Test feasibility of next-generation sequencing assays in clinical mutation detection of small biopsy and fine needle aspiration specimens

Gang Zheng, Harrison Tsai, Li Hui Tseng, Peter B Illei, Christopher Gocke, James Eshleman, George Netto, Ming-Tseh Lin

Research output: Contribution to journalArticle

Abstract

Objectives: To evaluate preanalytic factors contributing to failure of next-generation sequencing (NGS) assays. Methods: AmpliSeq Cancer Hotspot Panel was conducted in 1, 121 of 1, 152 formalin-fixed paraffin-embedded tissues submitted to a clinical laboratory, including 493 small biopsy or fine needle aspiration (FNA) specimens (44%) and 25 metastatic bone specimens (2.2%). Results: Single nucleotide mutations and/or insertion/deletion mutations were detected in 702 specimens. Thirtyeight specimens (3.4%) were reported as "no results" due to NGS assay failure.

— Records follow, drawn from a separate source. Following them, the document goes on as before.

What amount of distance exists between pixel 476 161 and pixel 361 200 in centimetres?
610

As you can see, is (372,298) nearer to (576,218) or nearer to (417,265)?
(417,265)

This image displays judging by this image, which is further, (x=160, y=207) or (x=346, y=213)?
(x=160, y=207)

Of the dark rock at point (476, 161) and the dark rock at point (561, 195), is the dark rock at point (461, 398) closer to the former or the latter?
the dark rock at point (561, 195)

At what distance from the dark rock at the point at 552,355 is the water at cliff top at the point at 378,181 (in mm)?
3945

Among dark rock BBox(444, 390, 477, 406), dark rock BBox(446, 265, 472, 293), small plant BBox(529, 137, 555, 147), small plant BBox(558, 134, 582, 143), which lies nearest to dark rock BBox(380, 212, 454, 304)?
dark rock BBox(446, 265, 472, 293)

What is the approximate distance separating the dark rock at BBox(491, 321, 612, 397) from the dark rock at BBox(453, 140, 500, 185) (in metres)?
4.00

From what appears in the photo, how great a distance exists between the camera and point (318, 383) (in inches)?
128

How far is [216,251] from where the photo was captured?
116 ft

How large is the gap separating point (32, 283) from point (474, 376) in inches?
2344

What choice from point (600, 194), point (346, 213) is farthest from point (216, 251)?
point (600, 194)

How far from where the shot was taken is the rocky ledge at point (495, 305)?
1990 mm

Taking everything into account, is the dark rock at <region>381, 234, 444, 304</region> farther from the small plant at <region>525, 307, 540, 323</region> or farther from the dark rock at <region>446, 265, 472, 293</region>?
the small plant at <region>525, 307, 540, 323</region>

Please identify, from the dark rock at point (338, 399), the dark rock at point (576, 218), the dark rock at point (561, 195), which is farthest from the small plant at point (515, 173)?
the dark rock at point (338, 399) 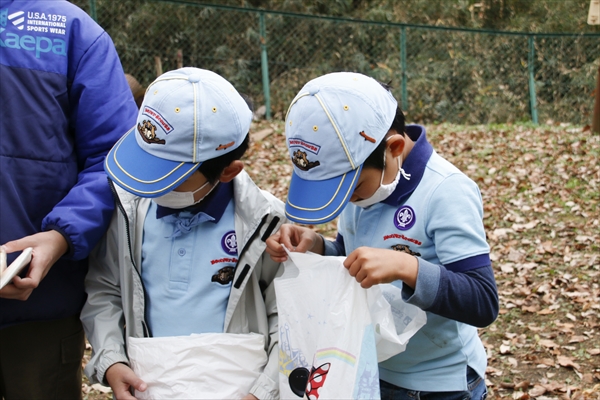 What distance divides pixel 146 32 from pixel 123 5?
575mm

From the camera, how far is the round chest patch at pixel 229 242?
6.95 feet

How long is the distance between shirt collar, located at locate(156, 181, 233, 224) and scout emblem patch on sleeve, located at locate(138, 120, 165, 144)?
0.26 meters

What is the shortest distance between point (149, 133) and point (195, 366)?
694mm

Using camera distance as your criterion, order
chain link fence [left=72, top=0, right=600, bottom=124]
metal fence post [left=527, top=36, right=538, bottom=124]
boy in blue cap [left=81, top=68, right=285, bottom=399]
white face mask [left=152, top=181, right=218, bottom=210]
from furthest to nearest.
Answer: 1. metal fence post [left=527, top=36, right=538, bottom=124]
2. chain link fence [left=72, top=0, right=600, bottom=124]
3. white face mask [left=152, top=181, right=218, bottom=210]
4. boy in blue cap [left=81, top=68, right=285, bottom=399]

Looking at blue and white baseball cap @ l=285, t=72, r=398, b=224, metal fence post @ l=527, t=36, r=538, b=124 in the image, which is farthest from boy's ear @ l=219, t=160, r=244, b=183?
metal fence post @ l=527, t=36, r=538, b=124

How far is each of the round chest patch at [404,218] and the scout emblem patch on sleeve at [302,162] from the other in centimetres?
29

Higher failure rates were observed in specimens submitted for lung cancer panel and melanoma panel (3.1% and 3.7% vs 1.0% colorectal cancer panel), metastatic bone specimens (36% vs 2.6% nonbone specimens), referred specimens (5.0% vs 1.8% in-house specimens), and small biopsy and FNA specimens (5.8% and 3.1% vs 0.7% resection/excision specimens). Test feasibility was higher in in-house specimens than referred specimens (99.1% vs 96.9% in resection specimens, 94.4% vs 87.3% in small biopsy specimens, and 94.3% vs 58.8% in FNA specimens). Conclusions: NGS assays demonstrated clinical utility in solid tumor specimens, including those taken by biopsy or FNA. Preanalytic factors identified by this study that may contribute to NGS assay failure highlight the need for pathologists to revisit tissue processing protocols in order to better optimize cancer mutational profiling.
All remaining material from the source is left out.